In this hypothetical, it is important to consider the extent to which the categories of unclaimable material may influence the version for which ABC, Inc. seeks registration. For example, the hypothetical above notes that 35% of the code for version 3.1 is the same code used in ABC’s version 1.0, which was the version initially licensed by ABC’s beta customers.
Since the Copyright Office guidance material indicates that “publication” includes the distribution of copies of a work to the public by sale or other transfer of ownership, lease, or lending, 4 ABC’s licensing of OneForAll v.1.0 to the beta customers may render this 35% of the code as having been “previously published. Consequently, ABC may need to register OneForAll v.3.1 it as a “derivative work” and exclude the source code from OneForAll v.1.0 from its registration. 5
Further, if ABC, Inc. sought to register OneForAll v.1.0, it likely will not adequately cover the 63% of new expressions embodied in v.3.1. 6 Depending on when ABC added the 2% of the code that is contributed by licensed third-party tools (i.e., whether in version 1.0, or sometime thereafter), it too may need to be excluded from the registration.
As indicated in the basic hypothetical above, understanding the composition of the source code for each version of software will likely be an important step to take prior to applying for copyright registration. As software’s source code composition may change from version to version, so too might the need for excluding certain portions of the source code from the application for registration, and those changes may alter the scope of claimed material.
This article and series are not intended to be a comprehensive guide to software copyright registrations. Much more comprehensive guidance is published by the Copyright Office in the form of the Compendium of U.S. Copyright Office Practices, Third Edition (available at: https://www.copyright.gov/comp3/docs/compendium.pdf). Additional guidance materials are available in the form of Copyright Circulars published by the Copyright Office (available at: https://www.copyright.gov/circs/).

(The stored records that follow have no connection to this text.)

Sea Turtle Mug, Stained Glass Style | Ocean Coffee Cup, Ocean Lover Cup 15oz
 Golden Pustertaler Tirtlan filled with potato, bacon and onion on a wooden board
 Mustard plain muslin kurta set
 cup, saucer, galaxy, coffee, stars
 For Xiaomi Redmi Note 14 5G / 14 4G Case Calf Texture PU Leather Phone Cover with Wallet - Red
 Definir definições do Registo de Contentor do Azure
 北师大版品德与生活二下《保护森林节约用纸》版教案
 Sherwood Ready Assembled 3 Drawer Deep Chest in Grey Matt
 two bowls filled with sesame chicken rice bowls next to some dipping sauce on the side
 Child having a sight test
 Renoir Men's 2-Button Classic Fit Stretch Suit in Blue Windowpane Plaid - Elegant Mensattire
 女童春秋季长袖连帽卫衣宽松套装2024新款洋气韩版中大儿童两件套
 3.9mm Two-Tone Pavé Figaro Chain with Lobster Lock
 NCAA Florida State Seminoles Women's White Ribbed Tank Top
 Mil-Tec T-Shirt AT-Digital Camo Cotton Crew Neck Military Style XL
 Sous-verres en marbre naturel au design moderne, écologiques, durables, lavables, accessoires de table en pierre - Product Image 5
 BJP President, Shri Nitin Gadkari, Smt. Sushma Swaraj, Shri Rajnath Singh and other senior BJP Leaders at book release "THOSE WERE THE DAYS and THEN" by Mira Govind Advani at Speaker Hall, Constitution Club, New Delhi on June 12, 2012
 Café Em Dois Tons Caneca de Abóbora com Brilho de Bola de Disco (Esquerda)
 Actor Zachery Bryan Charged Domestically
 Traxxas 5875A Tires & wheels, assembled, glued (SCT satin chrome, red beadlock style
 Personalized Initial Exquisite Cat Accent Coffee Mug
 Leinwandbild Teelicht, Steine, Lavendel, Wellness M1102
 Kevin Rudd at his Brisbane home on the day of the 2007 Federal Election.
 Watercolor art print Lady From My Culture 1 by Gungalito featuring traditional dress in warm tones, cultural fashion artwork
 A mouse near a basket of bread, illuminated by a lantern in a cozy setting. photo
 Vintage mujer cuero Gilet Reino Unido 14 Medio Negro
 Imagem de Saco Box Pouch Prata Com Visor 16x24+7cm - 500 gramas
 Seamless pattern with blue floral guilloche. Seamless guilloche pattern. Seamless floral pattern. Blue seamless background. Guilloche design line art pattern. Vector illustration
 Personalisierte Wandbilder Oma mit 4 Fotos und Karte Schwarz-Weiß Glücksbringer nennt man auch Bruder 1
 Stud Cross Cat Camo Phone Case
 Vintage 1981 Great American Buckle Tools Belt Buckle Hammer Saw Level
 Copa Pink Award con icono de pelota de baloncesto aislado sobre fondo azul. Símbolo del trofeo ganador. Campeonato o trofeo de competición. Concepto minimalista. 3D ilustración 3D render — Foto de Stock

DisputeSoft’s software experts have substantial experience in reviewing and analyzing computer source code in copyright infringement matters, and specifically have experience in matters where the scope of the copyright registration has had material influence on the outcome of the matter.
For more information on DisputeSoft’s copyright infringement experience, visit our services page, and browse the firm’s representative copyright infringement matters.
- Copyright Act of 1976, 17 U.S.C. §§101,102(a)(1) (1976); see also Apple Computer v. Franklin Computer Corp., 714 F.2d 1240, 1248 (3d Cir. 1983) (“Thus, a computer program, whether in object code or source code, is a ‘literary work’ and is protected from unauthorized copying, whether from its object or source code version.”). ↩︎
- Copyright Act of 1976, 17 U.S.C. §411(a) (1976). ↩︎
- Compendium of U.S. Copyright Office Practices, Third Edition, §503.5 ↩︎
- Compendium of U.S. Copyright Office Practices, Glossary, p. 15. ↩︎
- Compendium of U.S. Copyright Office Practices, §1509(1)(F)(2) (“If a computer program contains an appreciable amount of unclaimable material, the program should be registered as a derivative work.”)
- See e.g., Airframe Systems v. L-3 Communications, 658 F.3d 100, 106 (1st Cir. 2011) (affirming a lower court decision to grant summary judgment in favor of L-3 because the evidence of copying presented was between L-3’s program, and an unregistered 2009 derivative of Airframe’s program, and not an earlier registered version).